Maintain a straight line from your head to your toes. Straighten your arms to assume the push up start position.
Now lower to bring your chest down to touch the floor.
From here hover to bring your body up around six inches and back down again. Perform your reps between this range to intensively target the chest muscles.
Plank to Push Up
Position yourself on the floor in a traditional plank position, with just your forearms and toes touching the floor. Maintain a straight line from head to toe.
Now lift your right forearm off the ground and reposition to a palm contact position. Repeat with the left side. This will put you in a push up position. Now reverse the action to return to the start position. That is one rep.
Goal Push Ups
Set a goal for your push ups and get there in as few sets as possible.
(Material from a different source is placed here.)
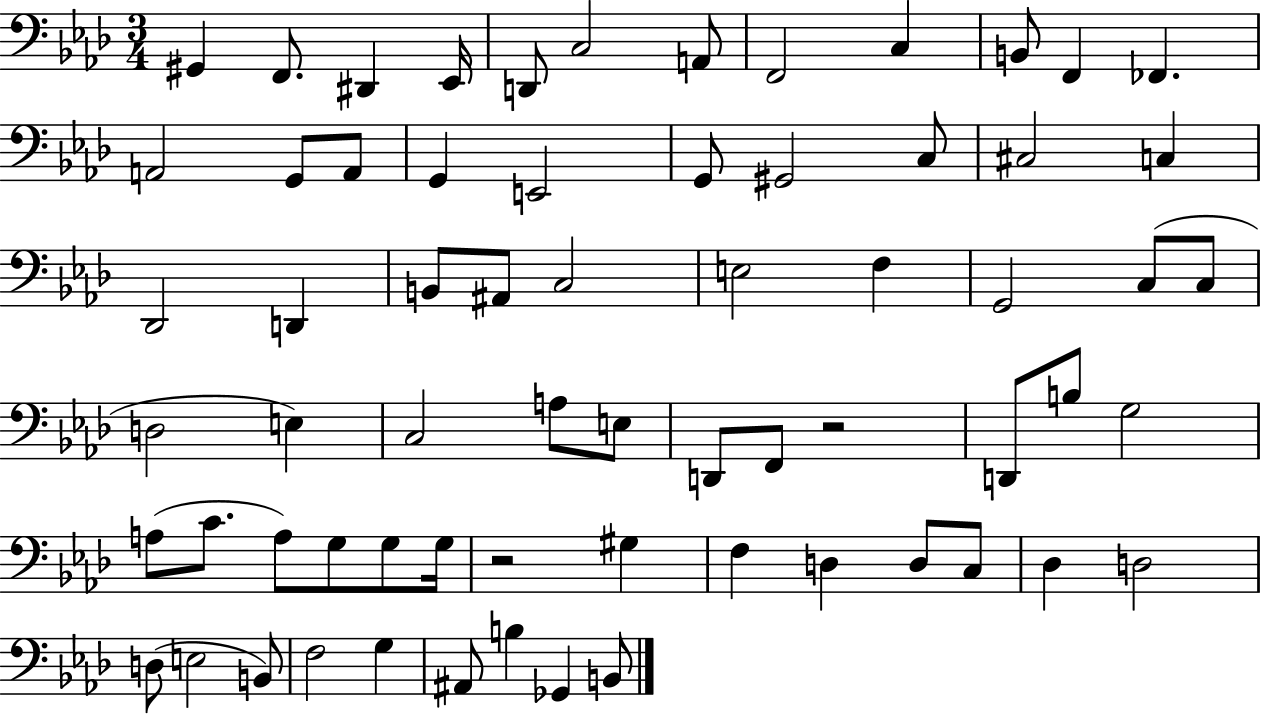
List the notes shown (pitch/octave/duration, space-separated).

G#2/q F2/e. D#2/q Eb2/s D2/e C3/h A2/e F2/h C3/q B2/e F2/q FES2/q. A2/h G2/e A2/e G2/q E2/h G2/e G#2/h C3/e C#3/h C3/q Db2/h D2/q B2/e A#2/e C3/h E3/h F3/q G2/h C3/e C3/e D3/h E3/q C3/h A3/e E3/e D2/e F2/e R/h D2/e B3/e G3/h A3/e C4/e. A3/e G3/e G3/e G3/s R/h G#3/q F3/q D3/q D3/e C3/e Db3/q D3/h D3/e E3/h B2/e F3/h G3/q A#2/e B3/q Gb2/q B2/e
Let’s say that your target is 100 push ups. Maybe you get 43 on the first set. You’ve now got 57 to go.
Rest for 2 minutes and then go against. You might get 32 on the next set.That’s a total of 75 – 25 to go!
Rest for another 2 minutes and then push hard to get that last 25 in your 3rd set.
Ladder Push Ups
Start with a designated number of push ups, depending on the current number of push ups you can perform in one set. If you can do less than 10, start with one rep. If your max is between 10 and 25, start at 5. If you can do more than 25 in a set, start with 10 reps.
Do a set then rest for 10 seconds. Now do one more rep than last time. Rest another 10 seconds and do another set, again adding one rep. Do this until you have gone up by 5 reps (i.e. from 10-15 reps over six sets).
Now start working back down the ladder until you get back to your starting number. This will see you doing a total of 11 sets.
You can even work your way up to a one arm push up for a bigger challenge!
The push up is the most popular and effective full body calisthenic exercise that exists.
If you’re not doing them on a daily basis, we strongly recommend doing just that.
Start your day with 3 sets of push ups, along with some body weight squats and crunches and you’ll be set for an awesome 24 hours.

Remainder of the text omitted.